Plusieurs fois dans l’année, des appels à projets sont lancés pour les productions internes et externes. Avec plus de 300 réponses, l’équipe analyse toutefois toutes les propositions : “On demande quand même beaucoup de détails, donc un synopsis après le détail de chacun des épisodes, le public cible…” Pour les heureux élus, une première phase de développement prend forme avant de partir en production. Le plus important étant que l’histoire “ait du souffle” et dure plus d’un épisode.
De la radio au podcast, il n’y a qu’un “tu”

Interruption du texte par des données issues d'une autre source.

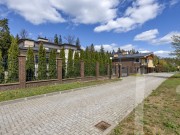 Продажа дома Семенково 830 м² Рублево-Успенское шоссе - 624553 - 624553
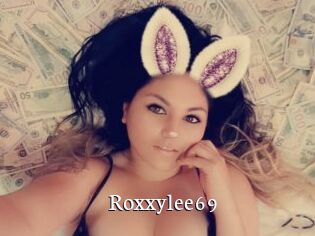 Roxxylee69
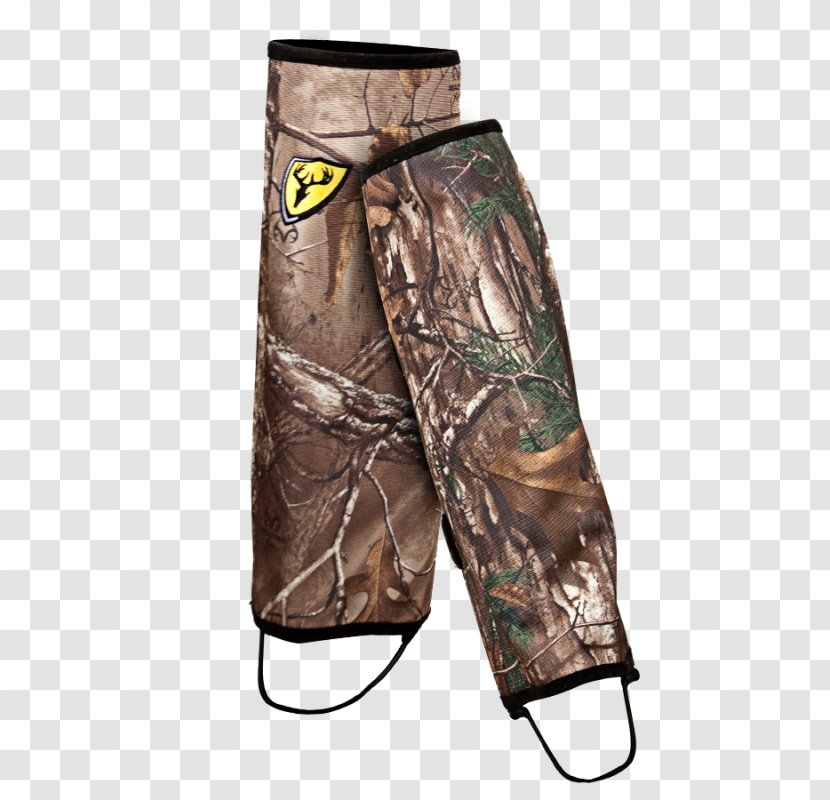 Pants Gaiters Clothing Jeans Camouflage - Trousers Transparent PNG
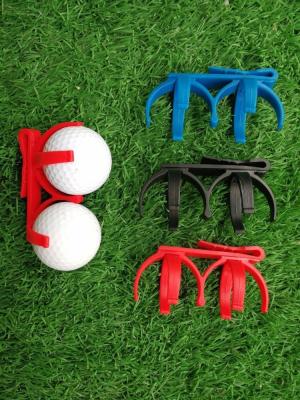 China golf ball retriever , golf ball pick-up , suction cup , golf ball pick up , golf ball suction cup for sale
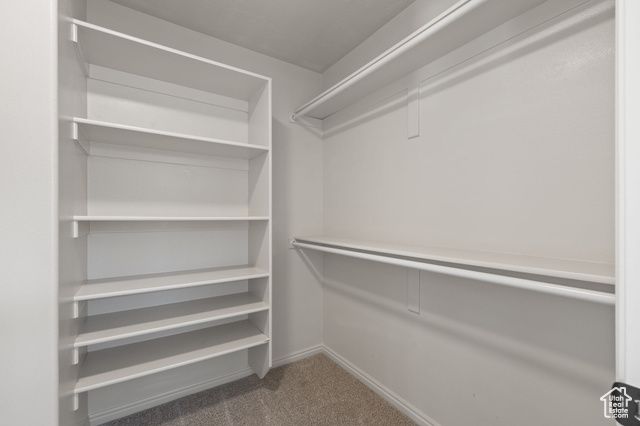 1347 S 1220 W, Orem, UT 84058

Alors, quelles sont les grandes différences entre la manière de concevoir un contenu pour la radio linéaire et le balado ? Y a-t-il plus de libertés dans ce dernier ? “Peut-être que l’on s’en permet un peu plus. Au niveau du podcast, on va être souvent plus sur le tutoiement. On a un temps qui peut être un petit peu plus familier et qui est accepté aussi par les auditeurs.” Les radios linéaires n’ont pas le même temps pour éditer les contenus car ils sont en direct 7j/7. “Et nous parlons à des niches, alors que la radio parlée parle à un très grand public. Donc, on peut se permettre d’aller vers des sujets peu ou pas traités à l’antenne. Tout en étant complémentaires.”
Quid de la monétisation ?
La radio parlée ou musicale en direct n’a pas de publicité du tout. Pour les replays et les balados, c’est autre chose. La publicité existe en pré-roll avec un maximum de 30 secondes sur la plateforme interne et de deux publicités sur les plateformes externes, sauf pour les contenus jeunesse de moins de 13 ans qui n’en ont pas. Mais Natacha est claire sur le fait que l’objectif n’est pas d’en ajouter. Pour savoir ce qui est absorbable, des sondages sont régulièrement réalisés auprès des auditeurs qui n’avaient jamais entendu de publicités auparavant sur le service public québécois. Pour calculer les audiences, il existe deux systèmes de mesure. L’un par le biais de Triton Digital pour les plateformes externes et pour le reste, la partie interne, ce sont les propres outils de Radio-Canada avec une réelle finesse de calcul sur la complétion par exemple. “Il faut savoir qu’actuellement, sur Radio-Canada OHdio, on est presque à 50/50 entre le replay d’antenne et la consommation de podcasts originaux, ce qui me semble être une exception si on se compare par exemple à de grandes radios européennes”, commente Natacha. L’appétit des annonceurs est bien présent sur cette nouvelle offre audio avec un gros travail des équipes marketing de l’audionumérique sur le positionnement. “C’est un produit très qualitatif aussi. Donc, de plus en plus, les annonceurs vont s’intéresser aussi à aller chercher des « niches d’histoires » et c’est ce qu’on est capables d’offrir, entre autres, avec le balado.”
La communauté, le nerf de la guerre
Le projet qui anime Radio-Canada aujourd’hui concerne une attention particulière aux communautés multiples des balados, compte tenu de la diversité des niches existantes. “On s’assure de travailler avec des gens qui ont déjà des communautés actives et qui sont près de leurs auditeurs, raconte Natacha. La découvrabilité est assez difficile pour nous sur la partie francophone. On est entourés de beaucoup de contenus anglophones et il faut réussir à se démarquer.”